__Exercise description__. Leaving out all pictures, copy the lines below exactly, from the line with "animation of snow" to the last line, both ends included.

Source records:
----------

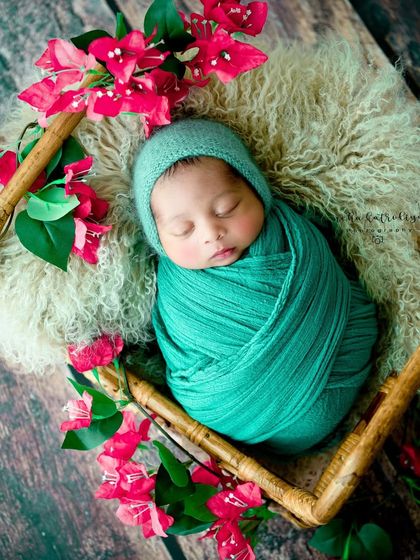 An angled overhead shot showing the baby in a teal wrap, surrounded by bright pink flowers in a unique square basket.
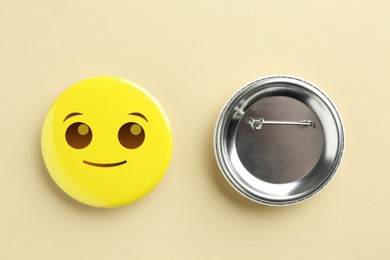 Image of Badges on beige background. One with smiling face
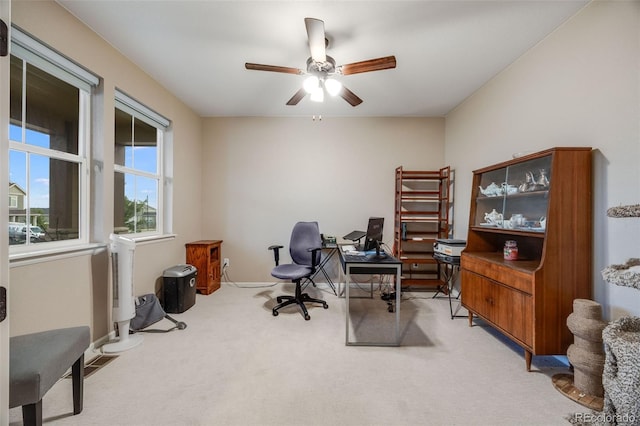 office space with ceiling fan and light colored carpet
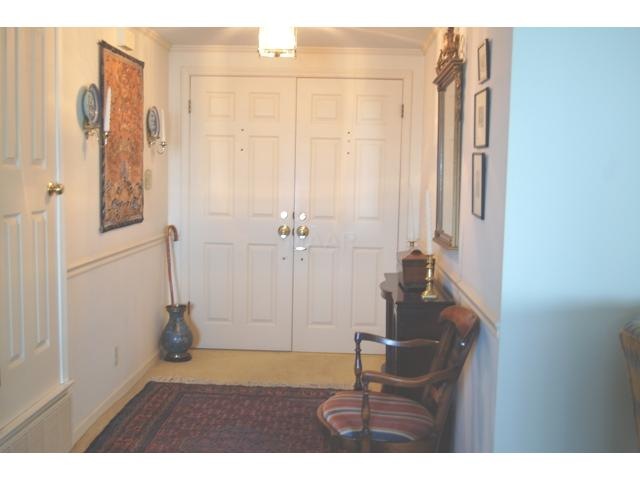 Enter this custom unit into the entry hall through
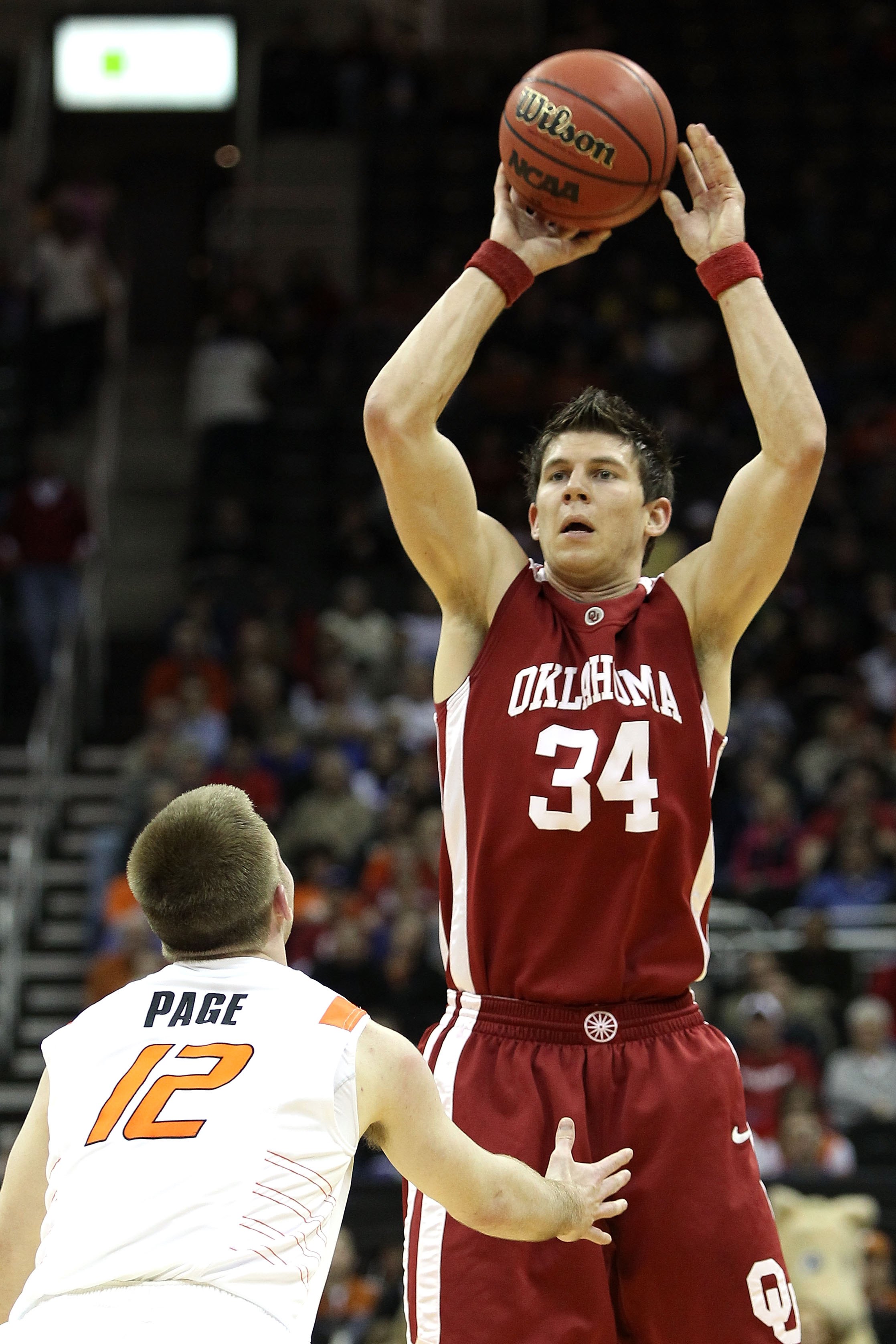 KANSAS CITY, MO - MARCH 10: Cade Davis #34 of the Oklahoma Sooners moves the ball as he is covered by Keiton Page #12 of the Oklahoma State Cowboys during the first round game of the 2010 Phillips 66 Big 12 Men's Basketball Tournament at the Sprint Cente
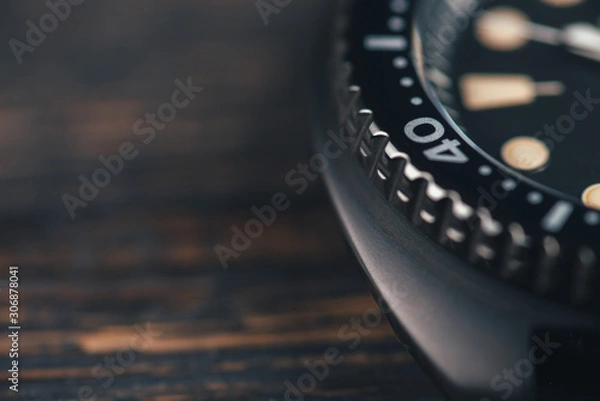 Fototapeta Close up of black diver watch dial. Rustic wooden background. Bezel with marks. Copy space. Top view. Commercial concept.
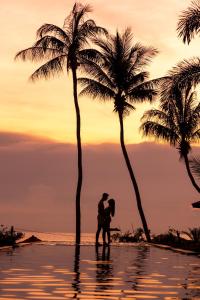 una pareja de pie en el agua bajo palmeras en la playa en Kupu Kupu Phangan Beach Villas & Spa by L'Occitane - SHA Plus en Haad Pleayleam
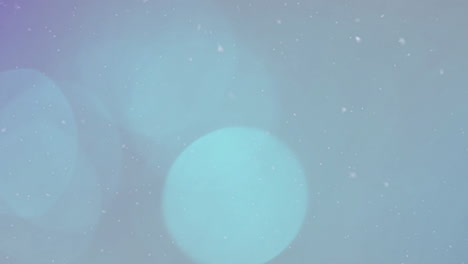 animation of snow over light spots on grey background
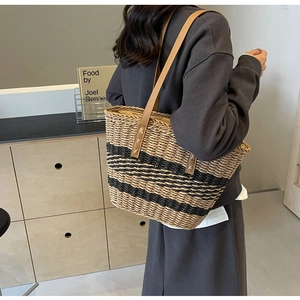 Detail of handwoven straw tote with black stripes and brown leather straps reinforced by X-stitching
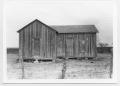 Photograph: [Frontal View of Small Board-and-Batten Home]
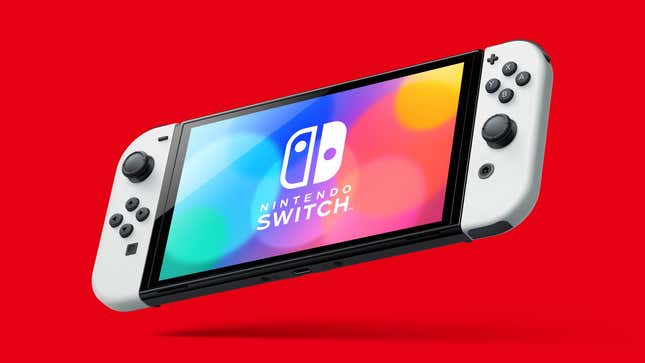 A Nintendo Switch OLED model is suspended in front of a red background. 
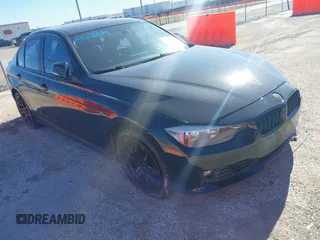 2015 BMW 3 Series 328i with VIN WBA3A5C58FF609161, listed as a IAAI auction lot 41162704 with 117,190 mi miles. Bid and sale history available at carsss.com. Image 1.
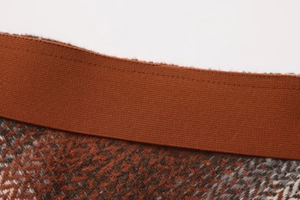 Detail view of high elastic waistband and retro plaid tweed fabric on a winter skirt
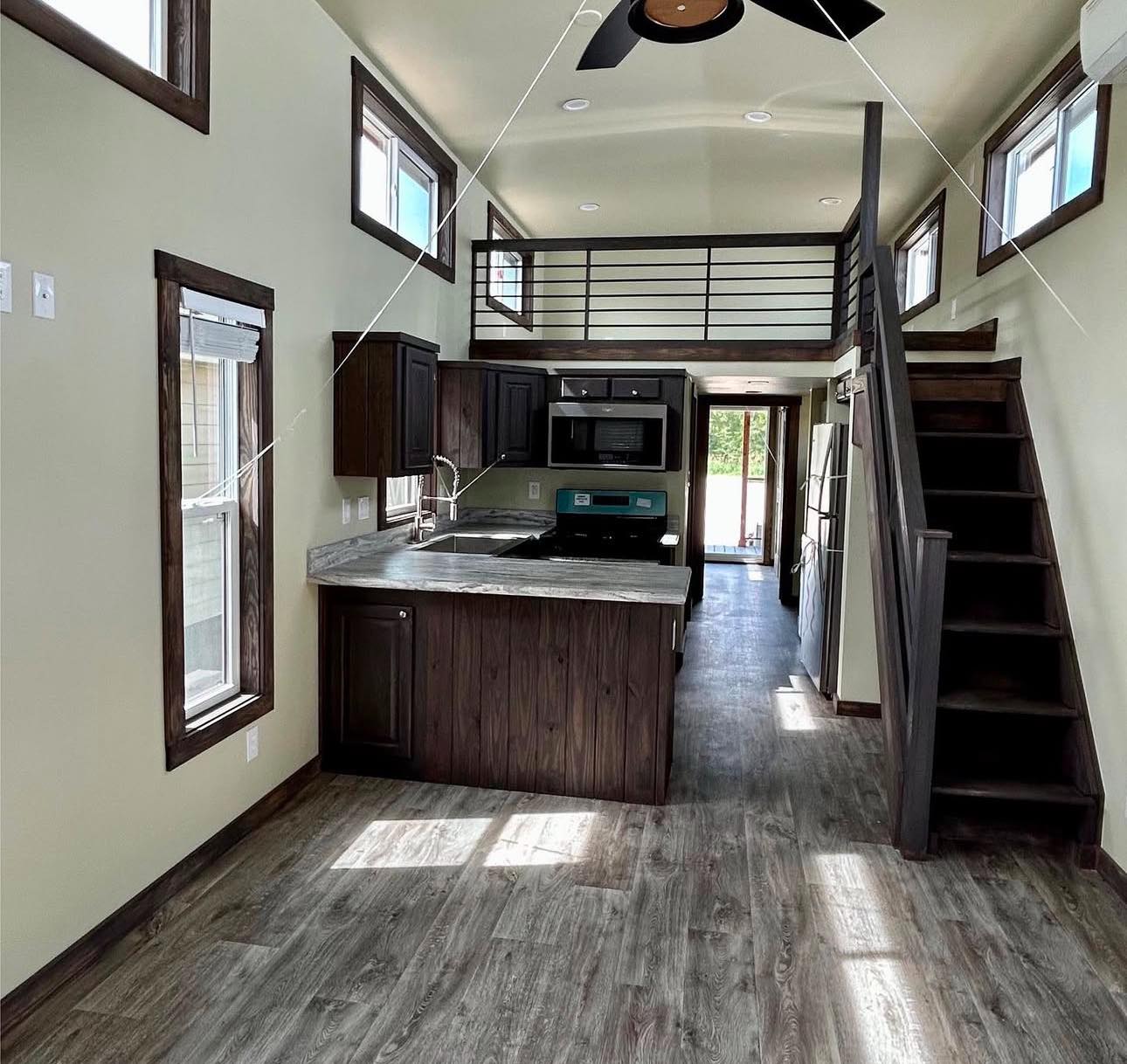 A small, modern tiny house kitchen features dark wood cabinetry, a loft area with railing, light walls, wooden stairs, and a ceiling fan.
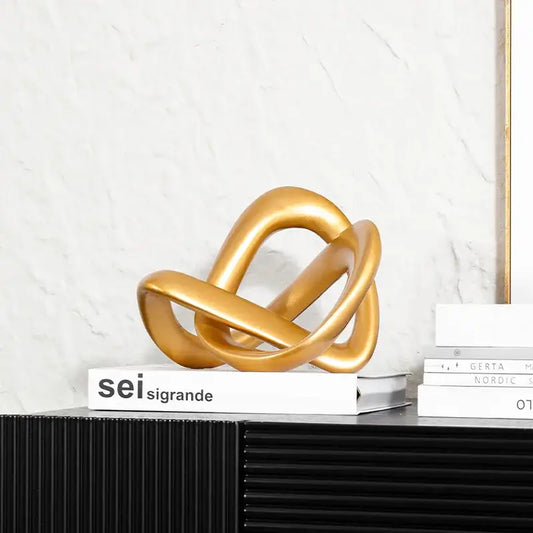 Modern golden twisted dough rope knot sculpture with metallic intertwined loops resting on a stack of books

----------

__Output below__.
 animation of snow over light spots on grey background
 Detail of handwoven straw tote with black stripes and brown leather straps reinforced by X-stitching
 Photograph: [Frontal View of Small Board-and-Batten Home]
 A Nintendo Switch OLED model is suspended in front of a red background. 
 2015 BMW 3 Series 328i with VIN WBA3A5C58FF609161, listed as a IAAI auction lot 41162704 with 117,190 mi miles. Bid and sale history available at carsss.com. Image 1.
 Detail view of high elastic waistband and retro plaid tweed fabric on a winter skirt
 A small, modern tiny house kitchen features dark wood cabinetry, a loft area with railing, light walls, wooden stairs, and a ceiling fan.
 Modern golden twisted dough rope knot sculpture with metallic intertwined loops resting on a stack of books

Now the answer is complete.